- [Work to be completed]:
Could you copy exactly the lines below, beginning at the line with "马德里NEW, Modern and" and stopping after the line with "Nahaufnahme der kalten", with no pictures?

- [Record set]:
==*==
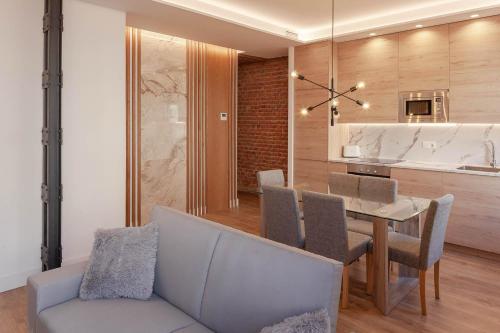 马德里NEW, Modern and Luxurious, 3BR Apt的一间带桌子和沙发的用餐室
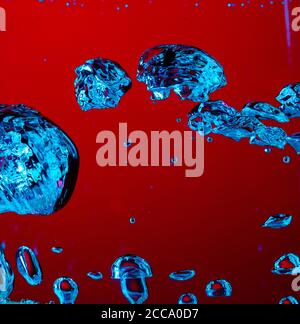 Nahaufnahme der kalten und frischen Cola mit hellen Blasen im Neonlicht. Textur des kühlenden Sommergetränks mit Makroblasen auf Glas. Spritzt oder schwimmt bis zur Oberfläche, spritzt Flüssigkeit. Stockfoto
==*==
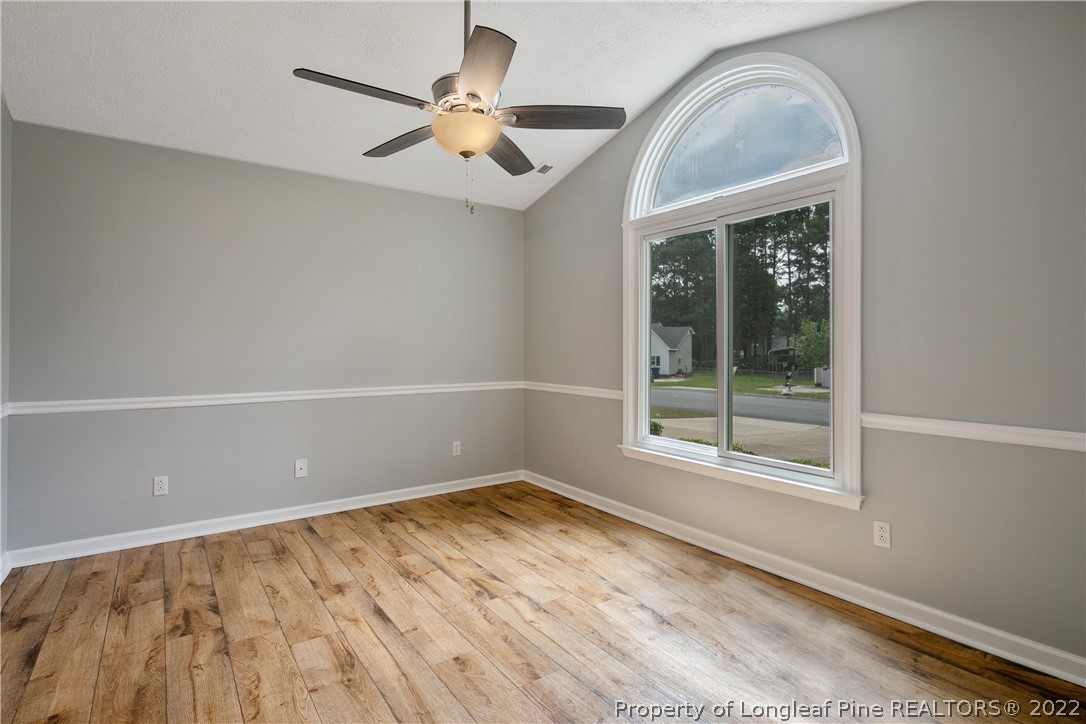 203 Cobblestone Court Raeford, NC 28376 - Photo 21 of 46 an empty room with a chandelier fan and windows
==*==
- [Your solution]:
 马德里NEW, Modern and Luxurious, 3BR Apt的一间带桌子和沙发的用餐室
 Nahaufnahme der kalten und frischen Cola mit hellen Blasen im Neonlicht. Textur des kühlenden Sommergetränks mit Makroblasen auf Glas. Spritzt oder schwimmt bis zur Oberfläche, spritzt Flüssigkeit. Stockfoto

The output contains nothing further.